## TASK DETAILS:
Type out the lines below exactly, from the first through the line holding "Nail Clipper Set", and include no pictures.

## DATA SECTION:
- - -

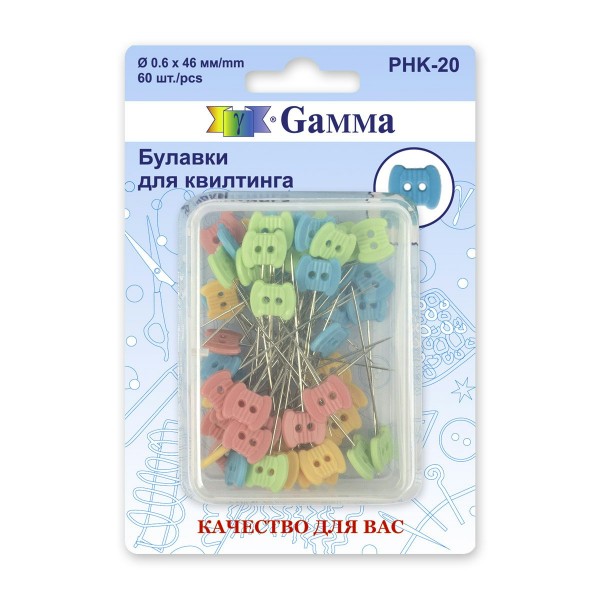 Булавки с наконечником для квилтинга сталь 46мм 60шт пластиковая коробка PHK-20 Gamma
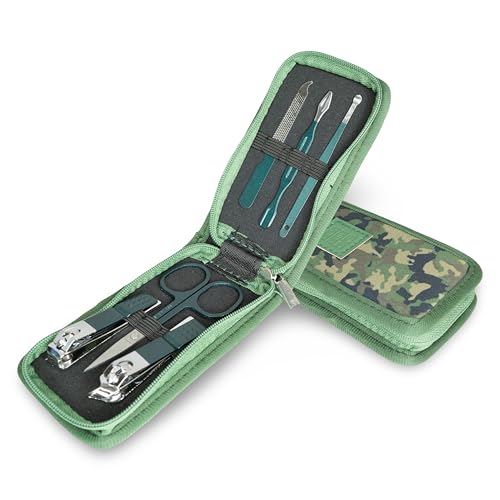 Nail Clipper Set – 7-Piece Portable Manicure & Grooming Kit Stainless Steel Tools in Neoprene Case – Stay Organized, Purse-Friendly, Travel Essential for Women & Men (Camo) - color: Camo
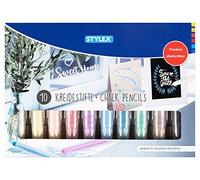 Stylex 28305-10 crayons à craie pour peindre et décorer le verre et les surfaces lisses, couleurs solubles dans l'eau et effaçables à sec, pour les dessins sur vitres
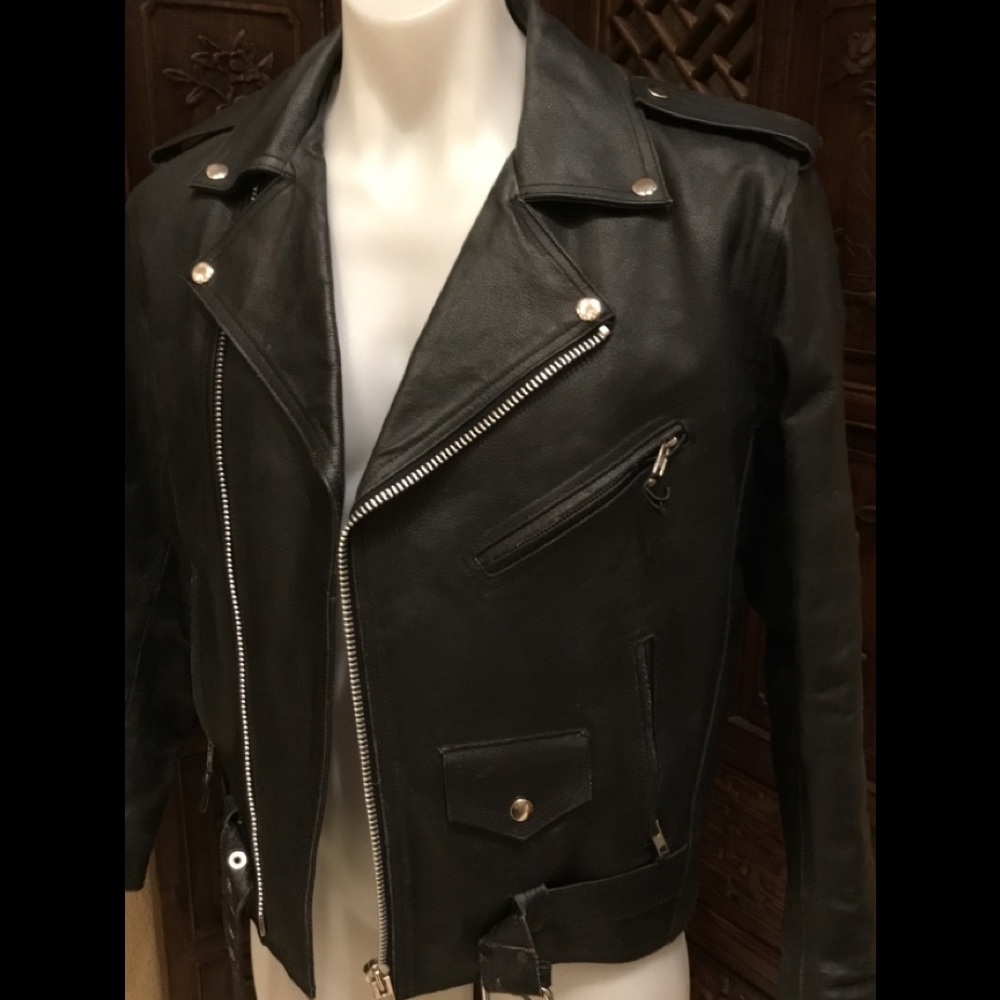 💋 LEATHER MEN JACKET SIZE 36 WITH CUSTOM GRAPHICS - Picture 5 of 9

- - -

## COMPLETED TASK:
 Булавки с наконечником для квилтинга сталь 46мм 60шт пластиковая коробка PHK-20 Gamma
 Nail Clipper Set – 7-Piece Portable Manicure & Grooming Kit Stainless Steel Tools in Neoprene Case – Stay Organized, Purse-Friendly, Travel Essential for Women & Men (Camo) - color: Camo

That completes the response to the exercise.